The weight of being a prodigy can be a blessing but at one flip of a coin, it can also be a curse. For John Cofie, his talent seemed to reveal the latter but should things have ended the way they did for him?
Born and raised in the small town of Aboso, Ghana, until the age of 10, he moved to the United Kingdom due to his father’s military service.
This abrupt move to Europe proved to be the spark that set off Cofie’s football life as his stock would rise at an unprecedented pace.
Soon after arriving in England, the striker would impress while playing for his local side PRB Gutersloh, so much so that after a match against Burnley the Clarets asked him to play a friendly for them.
Once the game was over, Cofie’s godfather received a call from one of the club’s officials who said a move to Lancashire would be a good idea.
“He (the club official) spoke to my godfather, who lives in Warrington, and he told him it would be a good idea to come to Burnley, so I visited and eventually joined,” he told The Athletic.
His move to the football academy structure was made permanent soon after settling in his new surroundings.
Cofie credits the club for building his foundation both on and off the pitch and teaching him how to play as a forward.
“I had a set position I had to learn, how to make runs, getting into good positions.

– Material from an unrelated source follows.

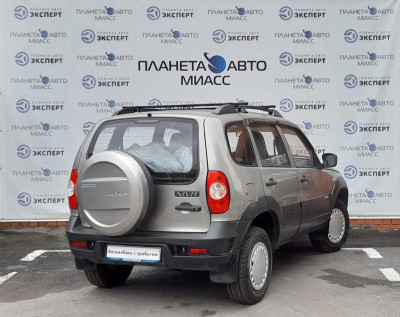 Chevrolet niva Niva 1.7 MT (79,6 л. с.)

That was all down to Burnley and they developed my game.
“Finishing was always natural. I never thought about things when I was in front of goal. I knew where the goal was and I just hammered it. I wasn’t scared and I scored a lot of goals.”

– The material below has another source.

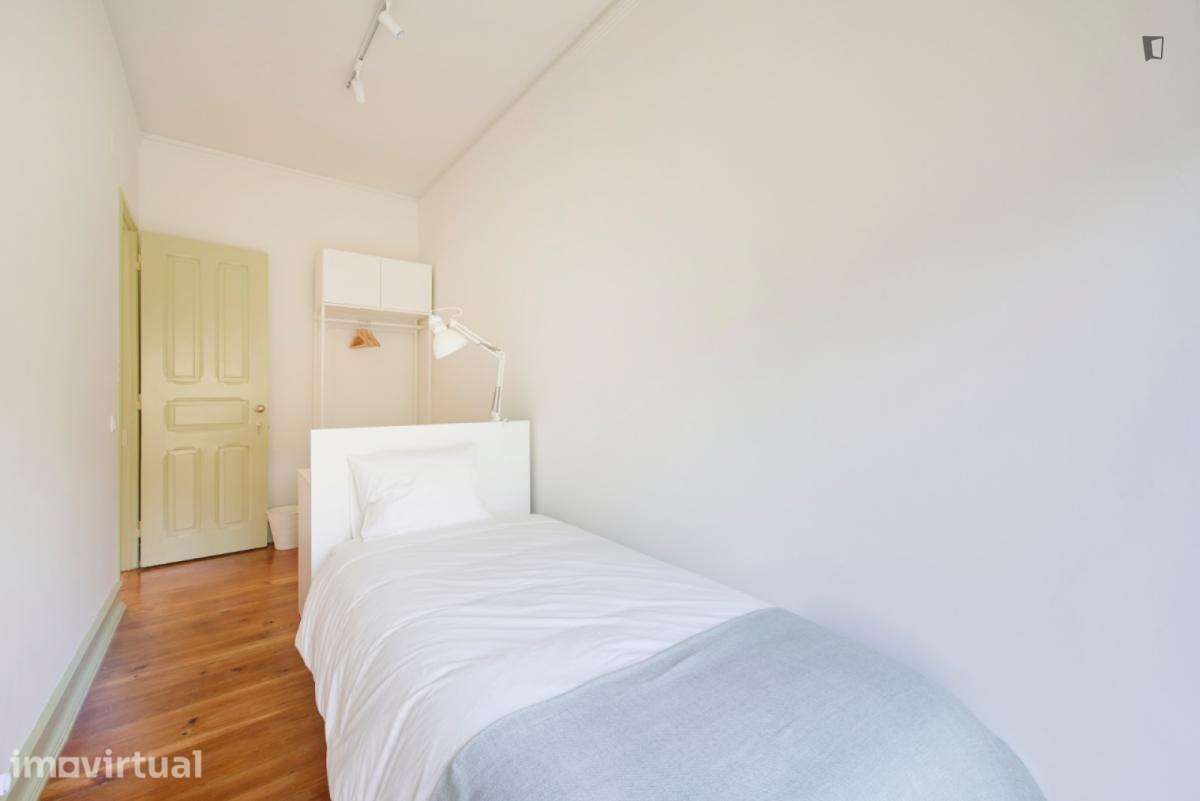 Quarto - localizado em Alcântara Lisbon - Grande imagem: 2/23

As scoring became a regular occurrence, he continued to find the net as he moved up the age groups as a 13-year-old.
“I did the same in the under-15s, so I ended up playing as an under-18 at the age of 13. Now and again, I was involved with the reserves. I have always been strong, so physically it didn’t bother me.”

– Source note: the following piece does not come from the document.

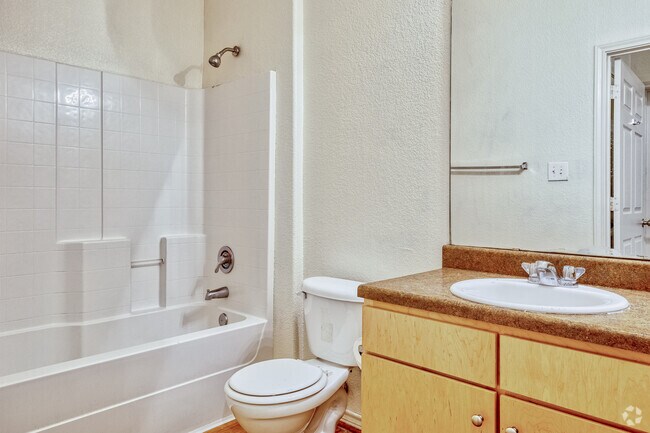 2BR, 2BA - 900SF - A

Although things went swimmingly for the Cofie, life took an unsavoury turn when a year later, which prompted a move away from Turf Moor.
“It was tough when I had to stop training. Burnley wanted me to go somewhere and my family wanted me to go somewhere else. I’m 14 (at the time), and I don’t know what the hell is going on.”
As his reputation continued to rise, attention from Liverpool and Manchester United caused a fair amount of upheaval.
While Burnley wanted him to join the Reds for an estimated £250 000, his father wanted him to move to Manchester, which started a strange standoff between his family and the club.
“They (his family) rejected everything that came in that wasn’t from United. It wasn’t easy. All I wanted to do was play football, so it was annoying that I couldn’t train.
“I didn’t care which team I went to, I would have gone anywhere as long as I was playing football.”
After the two-month deadlock finally ended, Carrington training ground would be Cofie’s new home, after the 13-time English Premier League champions paid an incredible £1-million in 2007 for a kid who had just hit puberty a year earlier.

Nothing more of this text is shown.